Une même réalité, deux discours opposés
Zurich, 21 mai 2012 (Apic) Le directeur de Glencore, Ivan Glasenberg, a dessiné une fausse image du géant suisse des matières premières, dans une interview du «Tages-Anzeiger» du 16 mai 2012. Cette image est contraire à la réalité, estime Lucrezia Meier-Schatz, conseillère nationale PDC et présidente de l’œuvre d’entraide catholique «Action de Carême». Elle répond dans une lettre du lecteur, publiée le 21 mai, dans le quotidien zurichois.
Glencore achète auprès de divers agents d’affaires des matières premières extraites d’une mine au Congo qui appartient à une filiale de Glencore, accuse Lucrezia Meier-Schatz. Dans cette mine de la région de Tilwezembe, des enfants et des adolescents travaillent comme «mineurs informels».

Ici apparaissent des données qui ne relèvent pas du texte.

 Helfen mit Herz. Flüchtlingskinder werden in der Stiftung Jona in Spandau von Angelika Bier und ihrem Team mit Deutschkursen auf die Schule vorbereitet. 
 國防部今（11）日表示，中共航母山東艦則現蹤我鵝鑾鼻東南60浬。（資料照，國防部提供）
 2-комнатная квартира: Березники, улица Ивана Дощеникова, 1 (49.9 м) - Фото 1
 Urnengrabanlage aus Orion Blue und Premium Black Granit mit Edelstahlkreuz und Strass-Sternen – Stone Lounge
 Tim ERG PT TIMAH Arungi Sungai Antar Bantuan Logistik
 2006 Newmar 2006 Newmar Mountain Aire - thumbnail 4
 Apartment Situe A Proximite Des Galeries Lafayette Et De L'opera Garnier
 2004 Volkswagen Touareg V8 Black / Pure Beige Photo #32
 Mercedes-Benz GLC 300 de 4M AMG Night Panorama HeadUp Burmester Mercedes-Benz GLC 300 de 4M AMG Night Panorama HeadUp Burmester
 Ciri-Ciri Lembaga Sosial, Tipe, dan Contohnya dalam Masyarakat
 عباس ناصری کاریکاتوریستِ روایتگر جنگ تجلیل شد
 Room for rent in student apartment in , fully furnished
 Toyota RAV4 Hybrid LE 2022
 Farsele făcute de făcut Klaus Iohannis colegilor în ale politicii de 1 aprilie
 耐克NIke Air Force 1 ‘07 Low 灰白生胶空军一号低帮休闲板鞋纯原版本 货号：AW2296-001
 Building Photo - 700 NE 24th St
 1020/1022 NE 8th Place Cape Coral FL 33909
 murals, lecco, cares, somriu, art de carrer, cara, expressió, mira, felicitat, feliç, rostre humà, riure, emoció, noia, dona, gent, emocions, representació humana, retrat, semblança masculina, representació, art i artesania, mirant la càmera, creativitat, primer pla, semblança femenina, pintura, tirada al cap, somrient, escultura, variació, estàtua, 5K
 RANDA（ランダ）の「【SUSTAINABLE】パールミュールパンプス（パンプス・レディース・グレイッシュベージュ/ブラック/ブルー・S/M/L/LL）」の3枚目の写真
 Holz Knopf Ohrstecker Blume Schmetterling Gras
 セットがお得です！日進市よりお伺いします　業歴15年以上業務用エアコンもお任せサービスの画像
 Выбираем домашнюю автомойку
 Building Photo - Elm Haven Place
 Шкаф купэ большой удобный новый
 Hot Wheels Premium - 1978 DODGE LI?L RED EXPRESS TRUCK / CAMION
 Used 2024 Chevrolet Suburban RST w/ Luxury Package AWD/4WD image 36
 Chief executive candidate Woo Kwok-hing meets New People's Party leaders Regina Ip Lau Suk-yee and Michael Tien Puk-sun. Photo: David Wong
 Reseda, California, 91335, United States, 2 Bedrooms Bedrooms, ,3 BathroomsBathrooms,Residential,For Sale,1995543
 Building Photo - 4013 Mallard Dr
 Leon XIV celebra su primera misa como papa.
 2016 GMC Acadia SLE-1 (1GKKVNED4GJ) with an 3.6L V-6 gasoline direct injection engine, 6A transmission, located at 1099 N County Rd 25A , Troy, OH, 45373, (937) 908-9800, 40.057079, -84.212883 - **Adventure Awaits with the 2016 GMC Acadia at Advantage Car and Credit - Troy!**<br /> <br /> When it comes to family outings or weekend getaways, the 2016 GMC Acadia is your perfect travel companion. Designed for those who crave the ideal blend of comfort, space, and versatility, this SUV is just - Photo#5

Quand son directeur affirme que la multinationale fait du bien, il est pour «le moins cynique», écrit la présidente de l’œuvre d’entraide catholique. Si Glencore veut vraiment faire quelque chose pour le bien des populations des pays en développement, la société établie à Zoug doit entamer un dialogue direct avec la population concernée au Congo et prendre des mesures concrètes pour améliorer les conditions de vie des gens touchés par les activités de l’entreprise.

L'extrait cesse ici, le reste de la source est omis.